Besides function and data type objects there is a third type of sygnm object called a dynamic node. A dynamic node is used to represent objects of which only partial information is available (e.g. we want to represent a function knowing its name and parameter list but not its full ID or return value). A typical use of them is when creating expression trees from user input, since most of the time the user only specifies the name of the function to be called and its arguments but not the full ID; then at evaluation time this dynamic node is resolved into a function which best matches the known information (see Expression trees and evaluation). Another use of dynamic nodes is to represent other sygnm objects without instantiating them. This happens when specifying type parameters: we are not interested in instantiating a concrete value of the parameter type, only its type signature matters, so it is sufficient to pass a dynamic node (containing the signature) as type parameter.

All sygnm nodes possess the following attributes:

  • Identifier (unique, has three parts: package name, name, variant name)
  • Aliases (alternative names)
  • Signature (contains the unique ID, parameter list, type parameter list and return value)
  • Memory size function (estimates memory consumption)
  • Cloning function (creates an identical copy of the current node, including all child nodes)
  • Hash function
  • Equality function
  • Parent node (refers to the parent of the current node in an expression tree, or null if there is no parent)
  • Child nodes (children of the current node in an expression tree)

Additionally data types have the following attributes:

  • Type parameters (type parameters are also sygnm nodes)

Additionally functions have the following attributes:

  • Difficulty score function (how difficult is the evaluation of this function with the current parameters?)
  • Memoization table (stores inputs and results of previous function evaluations for fast lookup, only if enabled)

It is possible to have multiple functions with the same name (overloading) and this feature is used heavily in all packages. If only the name of a function is known, the sygnm framework selects the best matching implementation for the current parameter list at runtime (the signatures of the candidate functions are compared to the available information and the best match is returned). See the following sections for details.

Signatures and overload resolution

All functions and data types have a signature which can be thought of as the type of that object in the sygnm type system. The parts of a signature are the "base", a "return value" (only functions), a "parameter list" (only functions) and a "type parameter list" (only data types). All of these are typeclass set lists. A typeclass set list is a list of typeclass set objects. A typeclass set is a set of typeclasses with some additional attributes. A typeclass is an abstract interface specification.

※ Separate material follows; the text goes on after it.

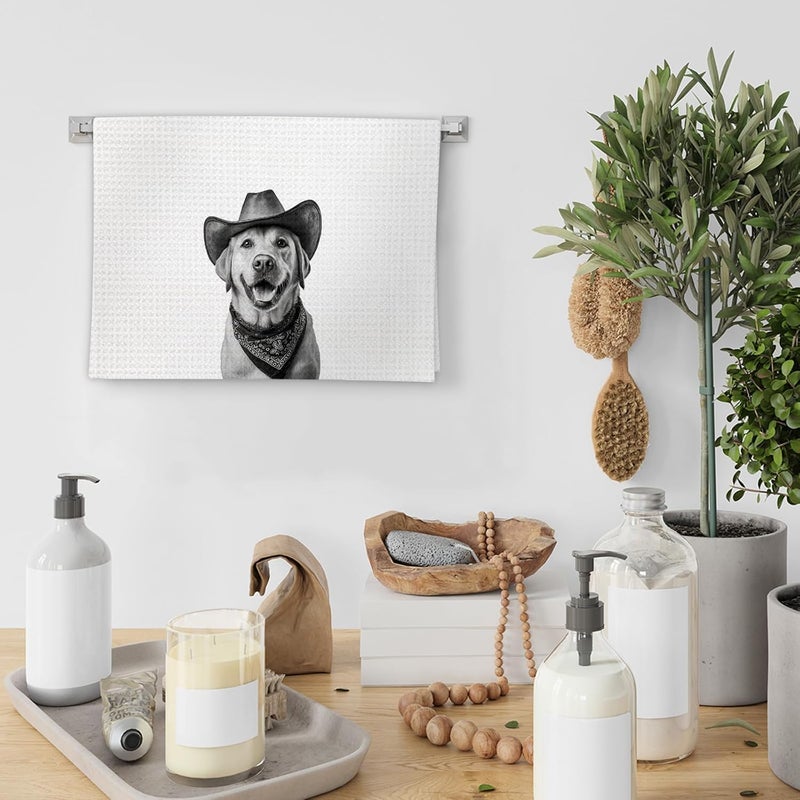 FIicy Labrador Retriever Gifts Western Dog Kitchen Towels, Gifts for Labrador Retriever Lovers Cowboy Decorative Hand Dish Tea Towel for Kitchen, Funny Dog Cowboy Cowgirl Home Bathroom Decor(16x24In) - Image 4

In the following sections all these objects will be described starting with typeclasses and moving "upwards".

Typeclasses and typeclass implementations

Typeclasses are used to implement parametric polymorphism in the sygnm framework. A typeclass is essentially a set of incomplete function signatures with a name. The signatures can contain typeclass parameters. Typeclass implementations are concrete implementations of a typeclass interface for a type or a set of types.

The following is the declaration of a typeclass (Equality) and a typeclass implementation for the string type in pseudocode.

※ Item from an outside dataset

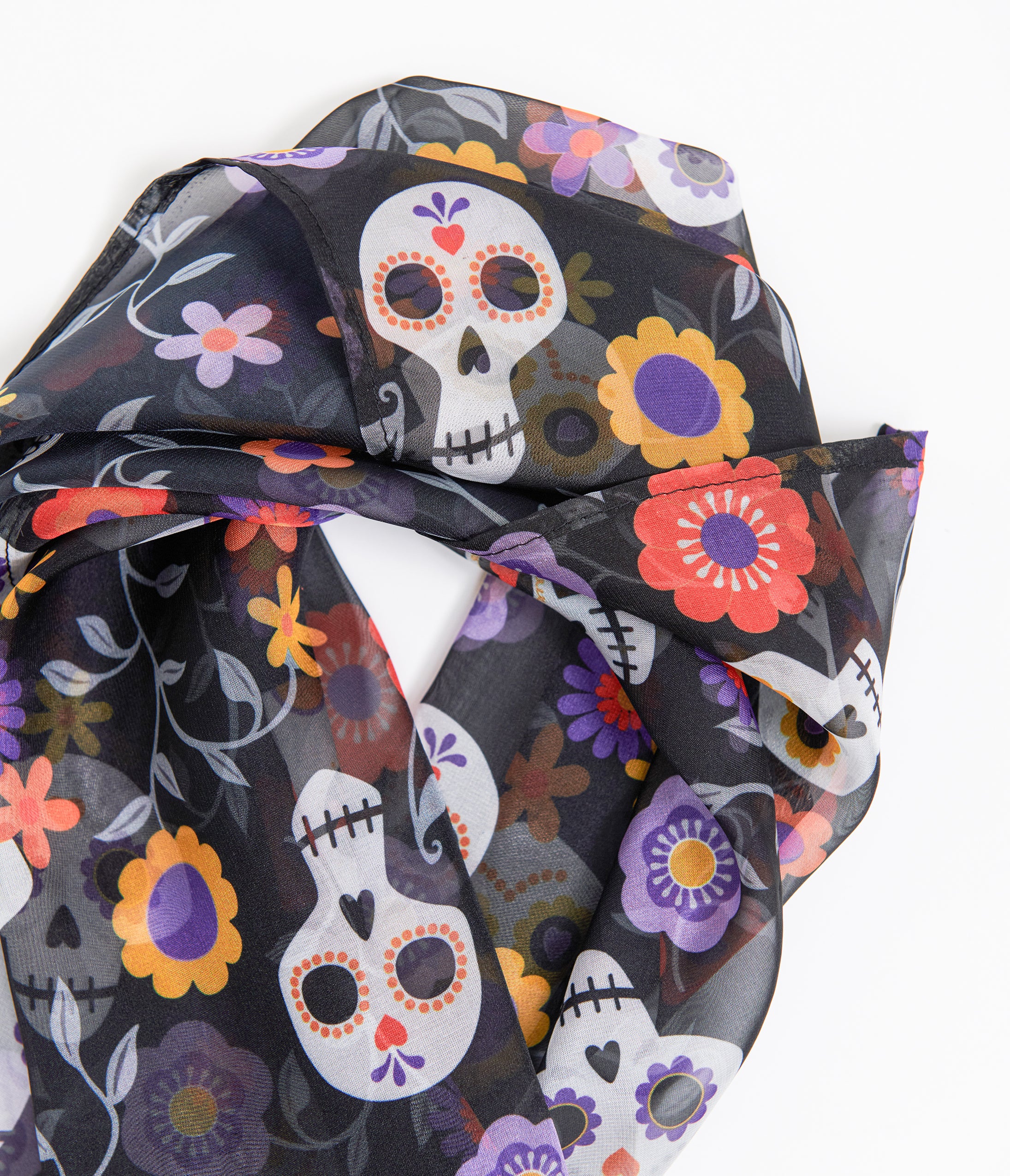 Vintage 1950s Sugar Skull Hair Scarf - Day of the Dead Print Bandana - Perfect for Halloween Costumes, Mexican Fiesta, and Retro Fashion Accessories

/* Declare the typeclass */
typeclass: Equality

/* The typeclass interface, now a single function called equal,
   with two function parameters ('a' and 'b').
   The type of both 'a' and 'b' is the first (only) typeclass parameter,
   here represented by '[0]'. */
base: equal
parameters: a: [0], b: [0] 

/* Declare an implementation of the Equality typeclass, where the first (and only) typeclass parameter is string. */
/* Now the string type is said to belong to the Equality typeclass. */
typeclass implementation: Equality
parameters: string

/* Declare an implementation of the 'equal' function for strings. The typeclass parameter ([0]) is replaced
   by string, just like it was written in the previous line. */
function: equal.string
parameters: a: string, b: string

Typeclasses and typeclass implementations make it possible to extend the functionality of existing packages and data types without any modification of the original declarations and implementation.

By default, all objects automatically belong to all typeclasses for which they have suitable implementations and the sygnm framework does some consisteny checks at startup to catch faulty typeclass implementations.

Typeclasses can appear in parameter lists, which means that it is possible to write functions which take any type belonging to a given typeclass (or a set of them). This is used to write generic functions.

Typeclass can also form a hierarchy by typeclass extension. This is similar (but not the same) as inheritance in object oriented programming. If typeclass "A" extends typeclass "B", then all types that implement the interface for "A" must also implement the interface for "B". Cycles are not allowed in the typeclass extension hierarchy.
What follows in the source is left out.